Lawrence A. Klatzkin, gaming and leisure analyst with Jefferies & Co. has an interesting take on slot machine gamblers. In a January report, Klatzkin argues that the convenience of gambling at regional casinos makes them a 'highly competitive' form of entertainment when compared with 'a fancy dinner, a movie [or] a sporting event.'
'One might argue that in weak economic times, the significance of a large progressive slot jackpot goes up in value,' Klatzkin concluded. 'Hence, slot gamblers actually might gamble more than in good times. Unless the local economy of the casino tanks, we continue to expect regional casinos to perform well.'
In a more recent report, dated Feb. 20, Merrill Lynch's Anders and Di Pietro pointed to another set of factors that bode well for the gaming sector. Both the collapse of technology stocks and Enron debacle will likely cause investors to focus 'on companies that are transparent, simple and maintain a high level of management integrity.' They say that casino operators fit the bill.
Within the gaming industry, the analysts point out that 'off-balance sheet items are few,' that 'gaming executives do a reasonably good job' of disclosing financial information, and that 'government officials pay close attention to the casinos' top line' as gaming taxes are calculated from casino revenues.

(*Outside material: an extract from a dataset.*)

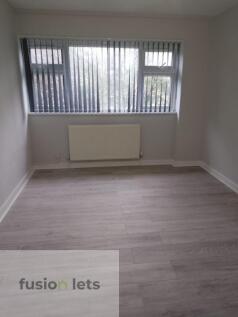 bedroom 3.JPG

'In every jurisdiction, gaming properties are closely monitored and well regulated by established gaming control boards,' the analysts said. 'The bottom line is that gaming is very highly regulated by dedicated government bodies in each state.'
At a recent conference at Haskell Indian Nations University, some participants were not so upbeat on the future of gaming at Indian-owned facilities. According to an AP report, Montie R. Deer, chairman of the National Indian Gaming Commission, cautioned tribes against becoming too dependent upon gaming revenue.
'As states become desperate for revenue, many are likely to turn to expanded forms of gambling. That's sure to hurt the tribal casinos,' Deer told the AP, adding that tribes need to diversify their economic bases. 'We need to make sure this prosperity lasts.'
In the end, what might all this mean for Indian gaming? It may have considerable effect upon compact negotiations between states and newly recognized tribes or upon compact renegotiations between states and established gaming tribes. How? Under new compact agreements, tribes may be forced to accept less favorable terms than those currently in place; states facing fiscal shortfalls may demand a greater slice of a tribe's gaming take, and such a larger slice of the pie in states' coffers could conceivably serve to placate anti-gambling activists.
The fact that many states are in need of fiscal resources, however, bodes well for gaming tribes, if they play their cards right (pun intended!). Competition for prime locations and favorable compact deals is sure to remain heated for the foreseeable future.